I heavily salted them last fall after fleshing them and put them away for the winter. They came out great. No rot, nor hair slippage.

I tossed them into the creek and got them all cleaned up, hung and stretched and applied the tanning solution to one of them so far. I'll get to the other later today. Takes about a week for the flesh to turn to leather, and then I will start the softening process. This is something I am still trying to figure out. In fact I'm still trying to soften the leather from 2016. I was rubbing warm water plus neatsfoot oil into the one this morning. Sure seems like it will work, but I have thought so before. This is all practice for when I get my bear.


----------



## MontanaResident (May 11, 2018)

Lots of rain, so the hides are very slowly drying out. First patches of leather is starting to show, so encouraging progress. I'd guess another week before they are fully turned to leather.


----------



## ropensaddle (May 11, 2018)

You want soft look up brain tanning but if you suspect cwd use rubber gloves. Its a lot of work stretching working it and without a squaw is downright tiring


----------



## MontanaResident (May 11, 2018)

Brain tanning is something I will be trying one of these years.


----------



## ropensaddle (May 11, 2018)

MontanaResident said:


> Brain tanning is something I will be trying one of these years.

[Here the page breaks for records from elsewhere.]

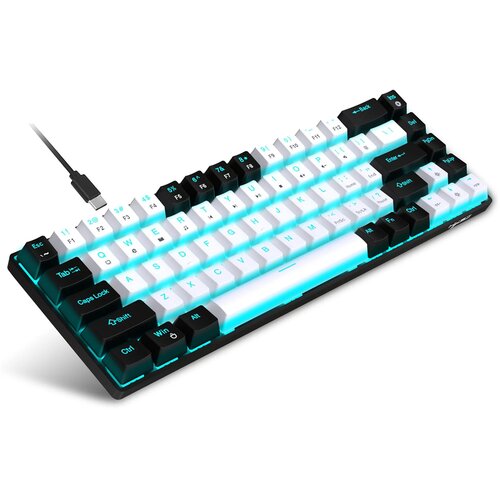 Venisymlis V800BW Mehanska tipkovnica z 68 tipkami - modro stikalo z možnostjo vroče menjave (ledeno modra LED), (22105461) Slike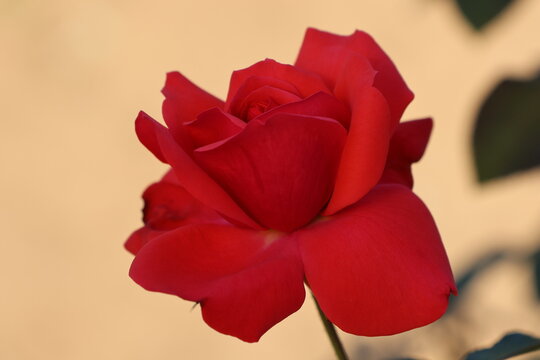 A red rose with slightly subdued color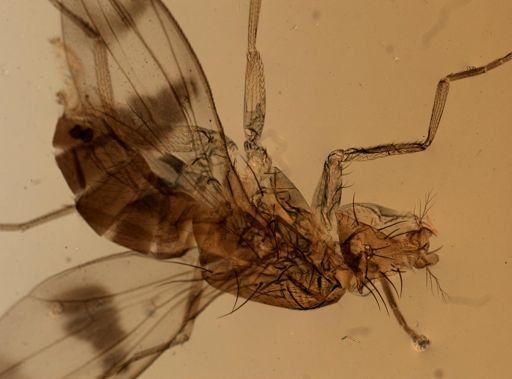 Diptera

Looks like you did a great job on those fleshing them


----------



## ChoppyChoppy (May 11, 2018)

I always figured a deer to be bigger than that. The ones I'm used to seeing (Maine) are in the 250-300lbs area.

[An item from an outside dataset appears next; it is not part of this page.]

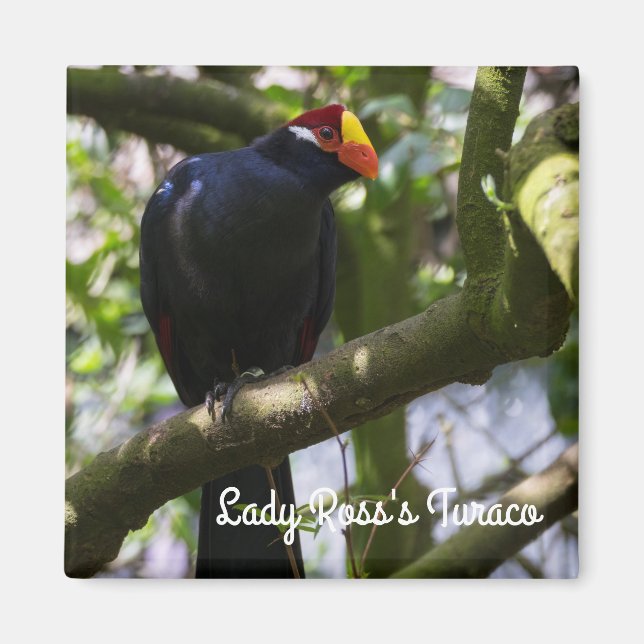 Dam Ross's Turaco Magnet (Framsidan)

Might be a weird combo of cough syrup, anti diarrhea, pepto, and advil, but I'm over here laughing, the stretched out skin looks like one of them flying squirrels hahaha.


----------



## MontanaResident (May 11, 2018)

Lucky to get a 100 pounds of Venison from a deer here in N.W. Montana. The bigger ones I've seen are not all that much bigger. The really big ones are mounted at the bank, in private homes, in Sporting Goods stores, from years past.



ValleyFirewood said:


> I always figured a deer to be bigger than that. The ones I'm used to seeing (Maine) are in the 250-300lbs area.
> 
> Might be a weird combo of cough syrup, anti diarrhea, pepto, and advil, but I'm over here laughing, the stretched out skin looks like one of them flying squirrels hahaha.


----------



## MontanaResident (May 18, 2018)

One is now fully tanned. Came out soft, not at all like the board I have had to deal with in prior years. I attribute it to doing a better fleshing job. I'll trim, soften, and brush out the hair, and it will be complete.


----------